On 4/24/12 11:10 AM, Bernd Schubert wrote:
> On 04/24/2012 12:42 AM, Andreas Dilger wrote:
>> On 2012-04-23, at 5:23 PM, Eric Sandeen wrote:
>>> I'm curious about the above as well as:
>>>
>>>         case SEEK_END:
>>>                 if (unlikely(offset>  0))
>>>                         goto out_err; /* not supported for directories */
>>>
>>> The previous .llseek handler, and the generic handler for other
>>> filesystems, allow seeking past the end of the dir AFAICT. (not
>>> sure why you'd want to, but I don't see that you'd get an error
>>> back).
>>>
>>> Is there a reason to uniquely exclude it in ext4?  Does that line up with POSIX?
>>
>> I don't know what the origin of this was... I don't think there is
>> a real reason for it except that it doesn't make any sense to do
>> so.
>>
> 
> I think I added that. According to pubs.opengroup.org:
> (http://pubs.opengroup.org/onlinepubs/009695399/functions/seekdir.html)
> 
> void seekdir(DIR *dirp, long loc);
> 
> <quote>
> 
> If the value of loc was not obtained from an earlier call to
> telldir(), or if a call to rewinddir() occurred between the call to
> telldir() and the call to seekdir(), the results of subsequent calls
> to readdir() are unspecified.
> 
> </quote>
> 
> 
> As telldir(), which should correlate to 'case SEEK_CUR' will not
> provide invalid values, the behaviour is undefined.
> 
> 
> Also,
> 
> 
> case SEEK_END:
> [...]
>                 if (dx_dir)
>                         offset += ext4_get_htree_eof(file);
>                 else
>                         offset += inode->i_size;
> [...]
> 
> 
>         if (!dx_dir) {
>                 if (offset > inode->i_sb->s_maxbytes)
>                         goto out_err;
>         } else if (offset > ext4_get_htree_eof(file))
>                 goto out_err;
> 
> 
> 
> 
> Hence, the additional:
> 
>          case SEEK_END:
>                  if (unlikely(offset>  0))
>                       goto out_err; /* not supported for directories */
> 
>     
> is just a shortcut to avoid useless calculations.
> 
> Unless I missed something, it only remains the question if could
> break existing applications relying on undefined behaviour. However,
> I have no idea how an application might trigger that?
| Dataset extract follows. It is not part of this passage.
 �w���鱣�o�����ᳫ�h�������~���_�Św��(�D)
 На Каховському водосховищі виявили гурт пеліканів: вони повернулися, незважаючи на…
(other lists removed at this point, this is ext4-specific)

I know I'm being a little pedantic w/ the late review here....
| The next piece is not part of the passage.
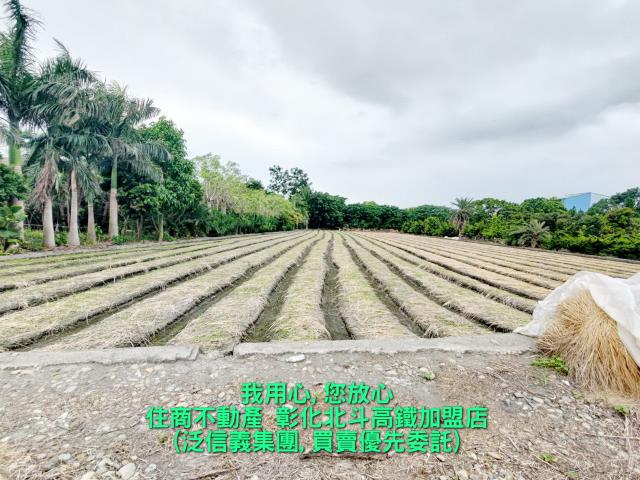 溪州農地-0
It seems like the only differences between ext4_dir_llseek and the old ext4_llseek are these:

1) For SEEK_END, we now return -EINVAL for a positive offset (i.e. past EOF)
2) For SEEK_END, we seek to ext4_get_htree_eof() not to inode->i_size
3) For SEEK_SET, we impose different limits for max offset
  - s_maxbytes / ext4_get_htree_eof for !dx/dx, vs. s_bitmap_maxbytes/s_maxbytes

Do any of these changes relate to the hash collision problem?  Are any of them uniquely
required for ext4, enough to warrant cut & paste of the vfs llseek code (again?)

What I'm getting at is: what are the reasons that we cannot use generic_file_llseek_size(),
maybe with a new argument to specify a non-standard location for SEEK_END.  Such
a change would require a solid explanation, but it'd probably go in if it meant
one less seek implementation to worry about.